# TASK
Transcribe the listing in full, word for word; pictures do not belong in the copy.

# EXTRACTED DATA
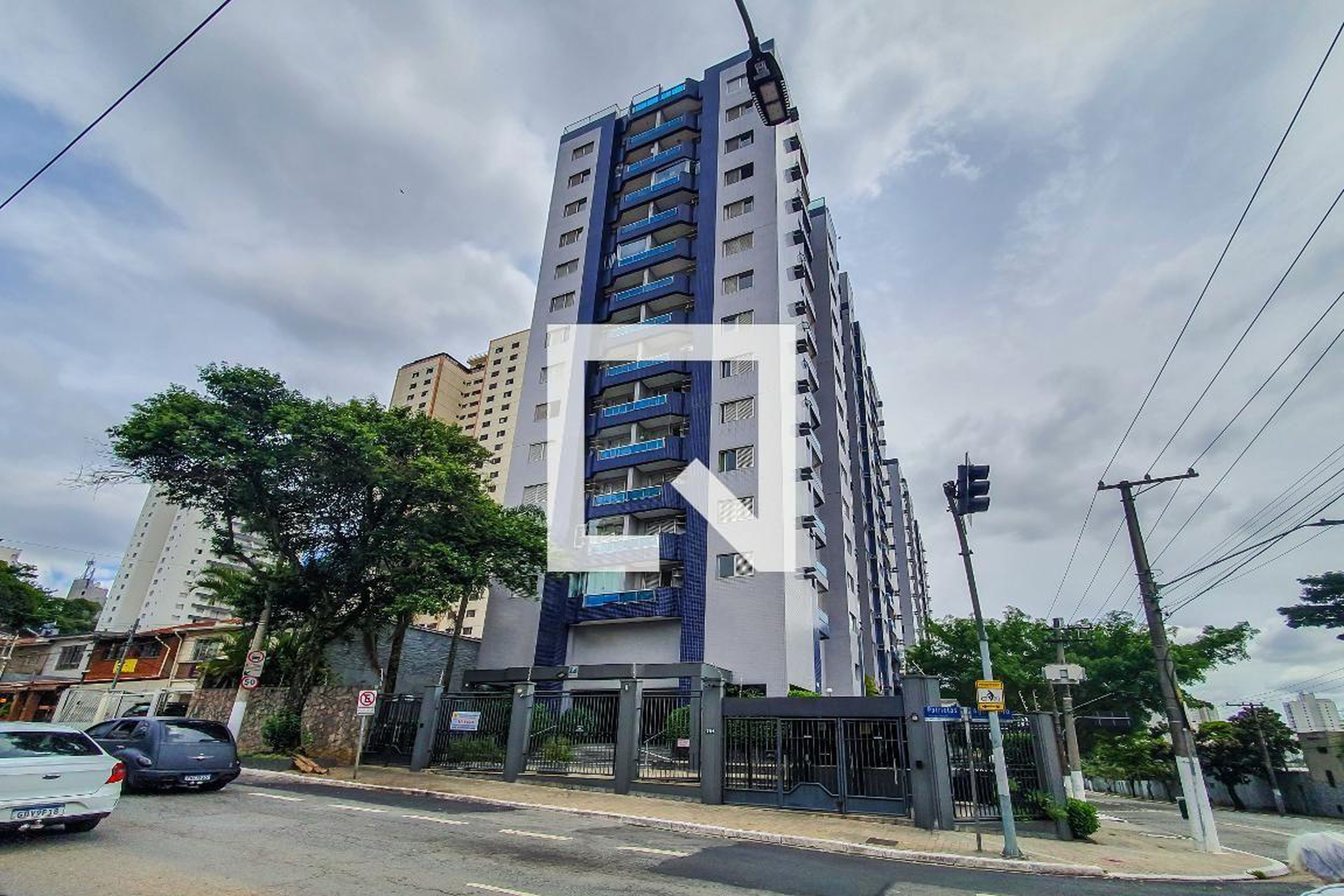 Fachada Condomínio em Rua Agostinho Gomes, 1327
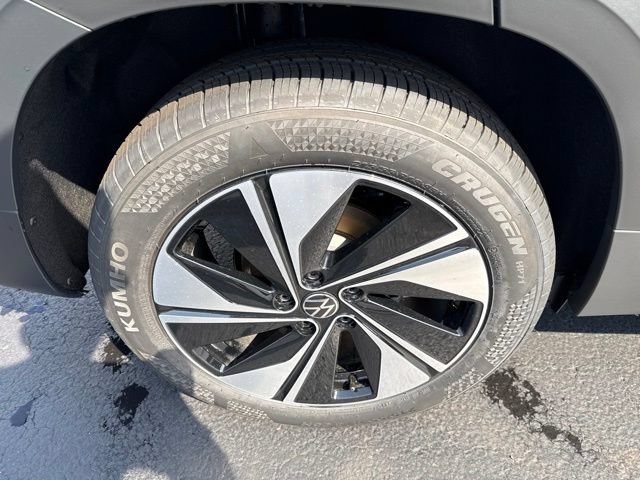 New 2026 Volkswagen Taos SE AWD/4WD image 36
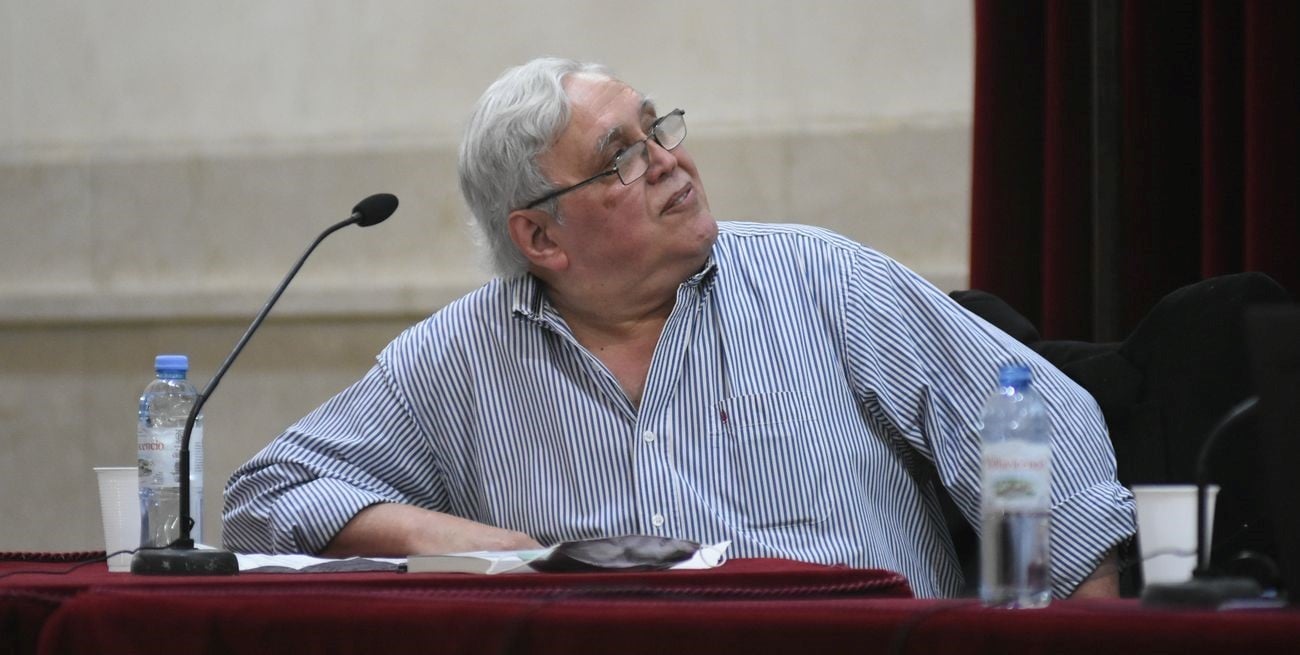 Rogelio Alaniz presenta "Ayúdame a pasar la noche"
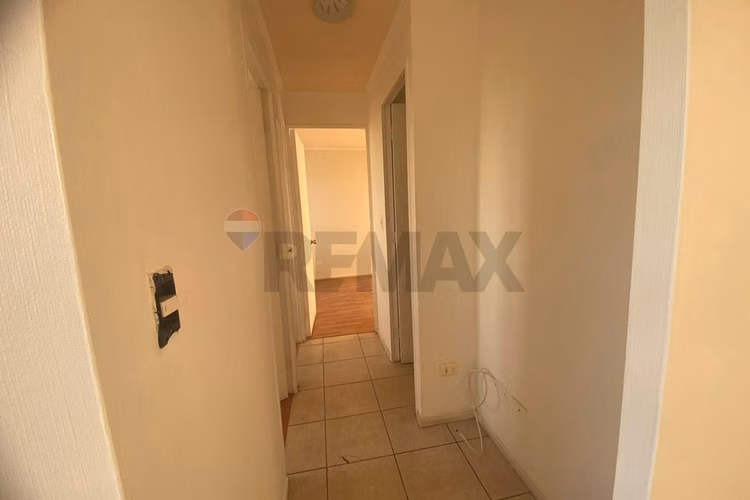 Venta departamento interm. la cisterna. 3d y 1b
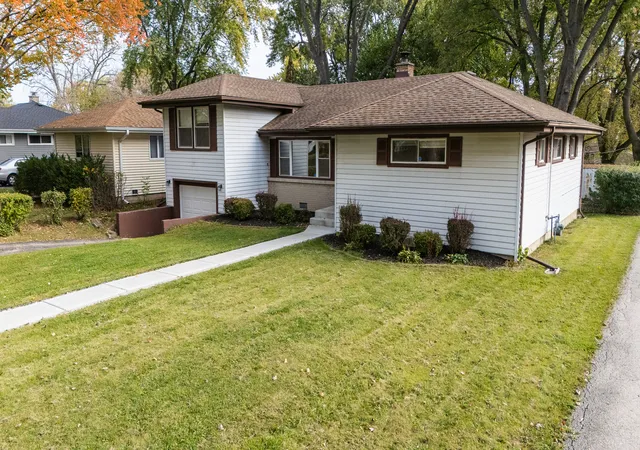 Photo 2 of Single family home for sale at 29 S Hickory St, Palatine, IL 60067 | MLS# 12796759 | Listing updated on 2026-10-29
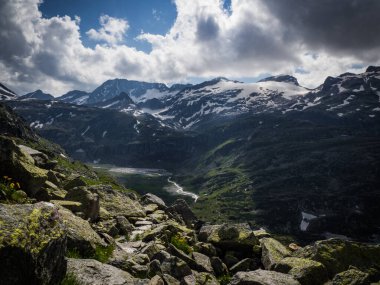 Avusturya Alpleri 'nin zirveleri ve buzulları, Hohe Tauern Parkı. Resimli ve güzel bir sahne, kara bulutlarla dolu, kar ve huzur dolu. Enzingerboden, Avusturya, Avrupa.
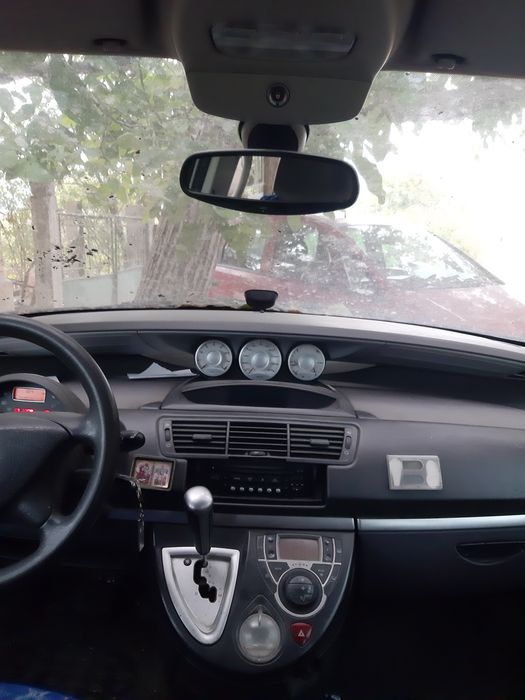 Пежо 807  за части може и цяла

# COMPLETED TASK
 Fachada Condomínio em Rua Agostinho Gomes, 1327
 New 2026 Volkswagen Taos SE AWD/4WD image 36
 Rogelio Alaniz presenta "Ayúdame a pasar la noche"
 Venta departamento interm. la cisterna. 3d y 1b
 Photo 2 of Single family home for sale at 29 S Hickory St, Palatine, IL 60067 | MLS# 12796759 | Listing updated on 2026-10-29
 Avusturya Alpleri 'nin zirveleri ve buzulları, Hohe Tauern Parkı. Resimli ve güzel bir sahne, kara bulutlarla dolu, kar ve huzur dolu. Enzingerboden, Avusturya, Avrupa.
 Пежо 807  за части може и цяла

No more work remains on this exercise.